Боливар не изменил республиканским убеждениям до конца своих дней, хотя позже, используя вышеприведенный отрывок, кое-кто из его врагов пытался утверждать обратное. Идея об установлении в стране монархической власти была забыта. Уильям Генри Харрисон, американский посланник в Великой Колумбии, осмелился обвинить Боливара в притязании на корону. Он поступил неосмотрительно, когда стал читать Боливару нравоучения об опасностях тирании. Вскоре во избежание высылки Харрисон вынужден был спешно покинуть Колумбию.
Английские солдаты много сделали для Южной Америки, английское правительство — очень мало. С Англии гнев Боливара переключился на Соединенные Штаты, которые ничем не помогли ему. Обращаясь к своему народу, Боливар шутя говорил, что ни один иностранец не захочет управлять такой анархичной страной, которая к тому же не способна содержать расточительный монархический двор.
Боливар оставался в Гуаякиле до лета 1829 года. В августе у него случился очередной приступ. Поначалу он с видимой откровенностью говорил о собственной отставке и передаче своей власти в другие руки. В письме к О’Лири Боливар писал:
«Мое настоящее состояние не идет ни в какое сравнение со всей прежней жизнью. Я абсолютно обессилел морально и физически. И уже ни на что не способен. Ничто не может вернуть меня к жизни. Мной овладели спокойствие и безразличие. Я убежден в своей неспособности продолжать общественную деятельность, поэтому считаю своим долгом поставить в известность ближайших друзей о своем желании навсегда оставить пост руководителя страны».
Это был не просто красивый жест. Боливар хотел передать власть в другие руки, пока он сам был еще достаточно силен и способен влиять на ход событий из-за кулис. Вот еще один отрывок из его письма к О’Лири:
«И для Колумбии, и для меня, а тем более для общественного мнения было бы лучше, если бы мы назначили другого президента, а я бы стал простым генералом. Я кружил бы вокруг правительства, как бык вокруг стада коров. Я защищал бы его и республику всеми возможными силами. Новое правительство должно быть сильнее моего, потому что в нем объединятся мои силы, силы правительства и сила той личности, которая будет ему служить».

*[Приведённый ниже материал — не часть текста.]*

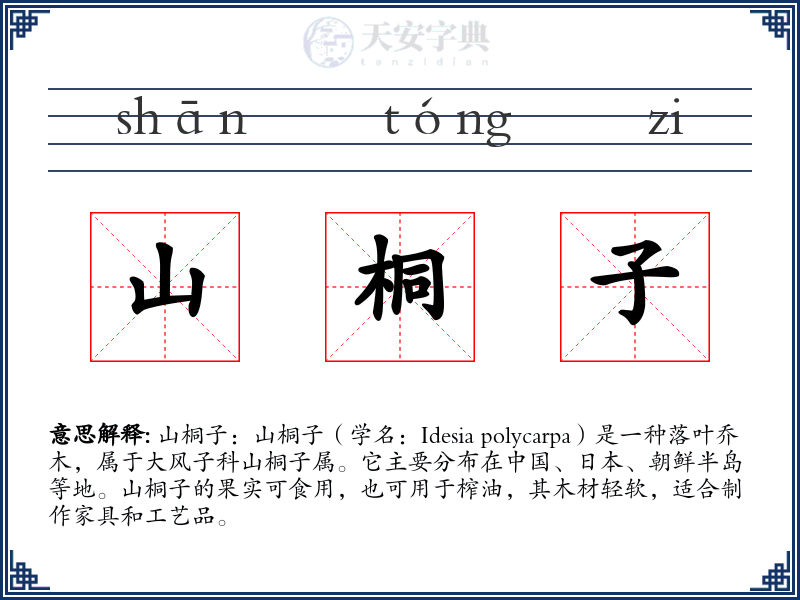 山桐子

Боливар имел в виду Сукре. Однако к удивлению Освободителя, Сукре отклонил его предложение стать вице-президентом Великой Колумбии, пока не закончится ссылка Сантандера. Сукре критиковал Боливара за намерение созвать конгресс в конце двухлетнего срока его диктатуры. Такой ответ Сукре разочаровал Боливара. Он пожурил своего любимца.
Боливар подписал мирный договор с Перу. Это немного оживило его. Он вновь сел в седло и отправился в нелегкое путешествие из Гуаякиля в Боготу. По дороге он посетил Пасто. Боливар был рад получить письмо от старого товарища по оружию Паэса, действующего диктатора Венесуэлы. Паэс предлагал Боливару встретиться в его поместье в Апуре, будто бы они «простые римские граждане». Боливар ответил: «Мой дорогой генерал, я остаюсь вашим преданным другом. Ваше предложение меня очень воодушевило. Я прошу Бога, чтобы он позволил мне провести остаток моей жизни в вашем обществе».
Но «дорогой генерал» обдумывал еще один ход против слабеющего Освободителя. В ноябре по дороге в Боготу Боливар узнал, что Паэс пытается занять место вице-президента Великой Колумбии. Он считал, что, поскольку пост вице-президента до сих пор занимал представитель Новой Гранады Сантандер, теперь настала очередь представителя Венесуэлы — то есть его, Паэса. Боливар медлил с ответом. Паэс пригрозил, что Венесуэла выйдет из состава Великой Колумбии. Он также обвинил Боливара в стремлении стать «абсолютным монархом, в заигрывании со Священным союзом, в желании восстановить рабство и инквизицию, в возрождении аристократических званий герцогов, графов, маркизов и баронов». Паэс боялся, что «все эти белые разрушат равноправие индейцев, чернокожих и метисов». Старый друг Боливара предал его, как когда-то Брут предал Цезаря. Паэс назначил свою цену за введение монархии в стране. Режим Паэса был жестоким. Порочный Арисменди был назначен шефом секретной полиции, щупальца которой проникали даже в самые бедные крестьянские хижины. Ходили слухи, будто Паэса поддерживают англичане. Они любыми способами стремились противостоять возведению на престол Великой Колумбии французского принца.
15 февраля 1830 года Боливар вновь въехал в Санта-Фе-де-Боготу. Это была последняя триумфальная встреча Освободителя. Один из свидетелей описал это событие:
«Улицы города особенно тщательно украшены. Все полки милицейской кавалерии саванны построились для парада… Каждый, кто имел лошадь или мог достать ее, выехал поприветствовать Освободителя. Все балконы, окна и башни заполнены людьми.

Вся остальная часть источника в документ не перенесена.